Task statement ->
Below, locate the line that contains "Trebonianus Gallus AD". Repeat exactly from that line to the line that contains "Чавунний пресc-гриль для", inclusive, leaving out the pictures.

Given records ->
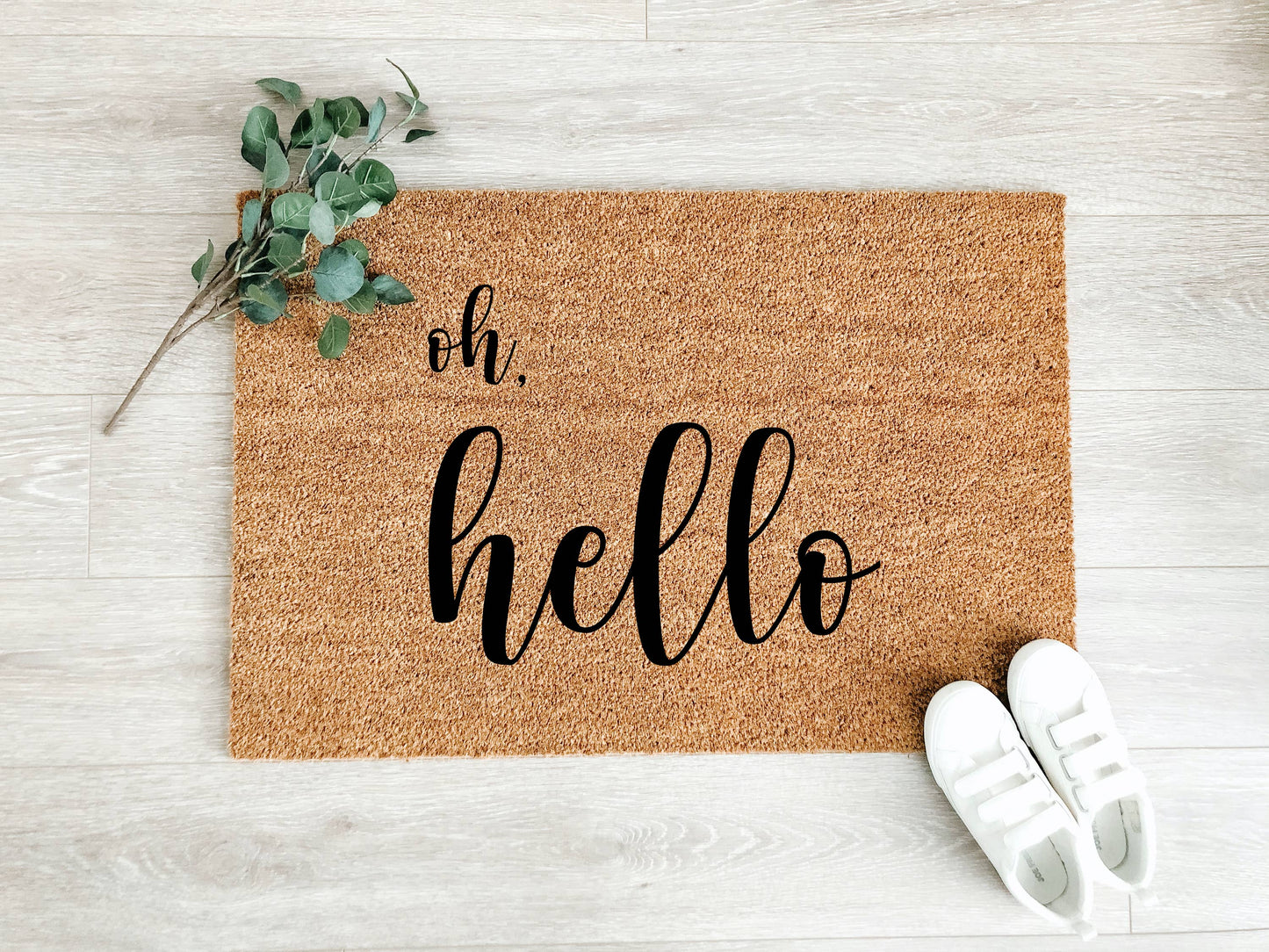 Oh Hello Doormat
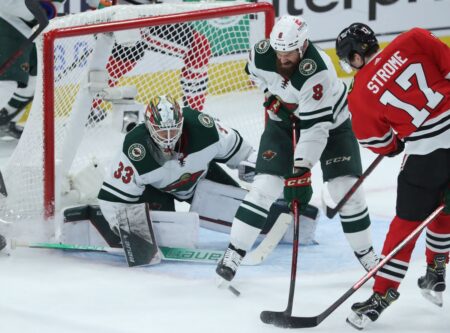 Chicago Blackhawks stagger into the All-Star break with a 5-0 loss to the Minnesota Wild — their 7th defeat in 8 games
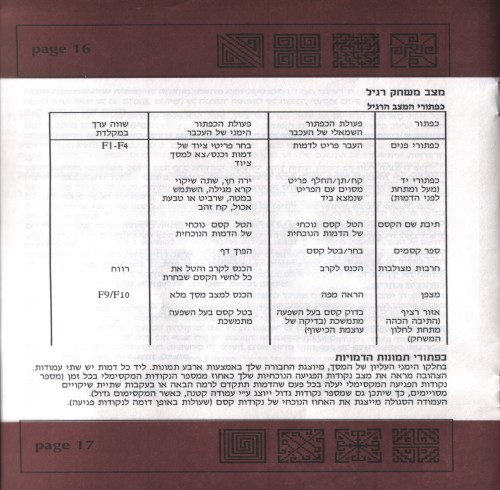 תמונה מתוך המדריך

--

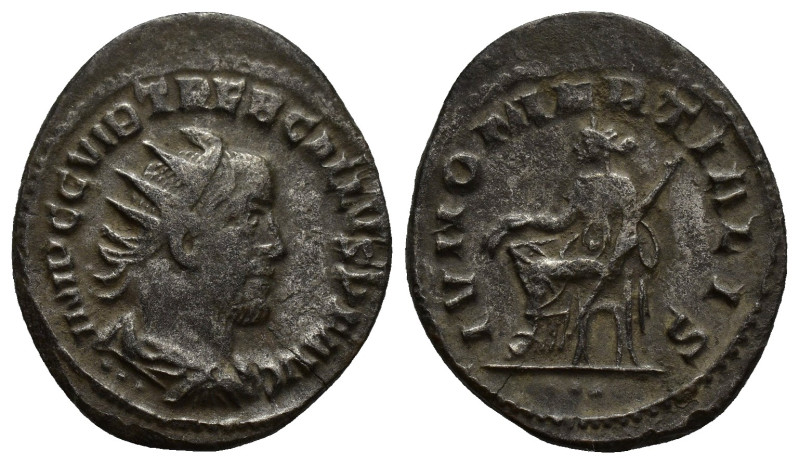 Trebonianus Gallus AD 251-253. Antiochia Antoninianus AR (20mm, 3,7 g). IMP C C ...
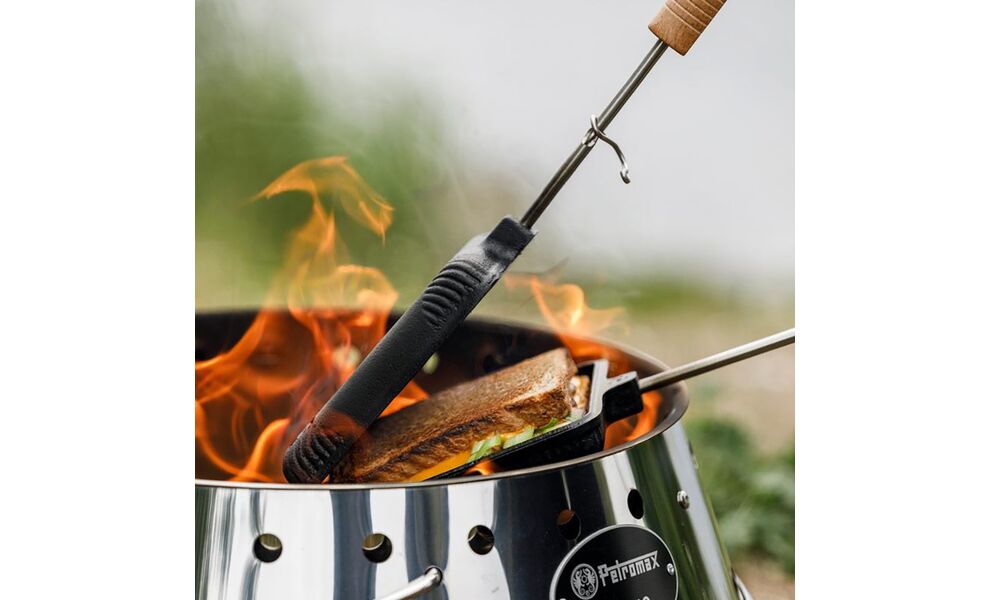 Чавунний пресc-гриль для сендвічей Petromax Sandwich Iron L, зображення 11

Written response ->
 Trebonianus Gallus AD 251-253. Antiochia Antoninianus AR (20mm, 3,7 g). IMP C C ...
 Чавунний пресc-гриль для сендвічей Petromax Sandwich Iron L, зображення 11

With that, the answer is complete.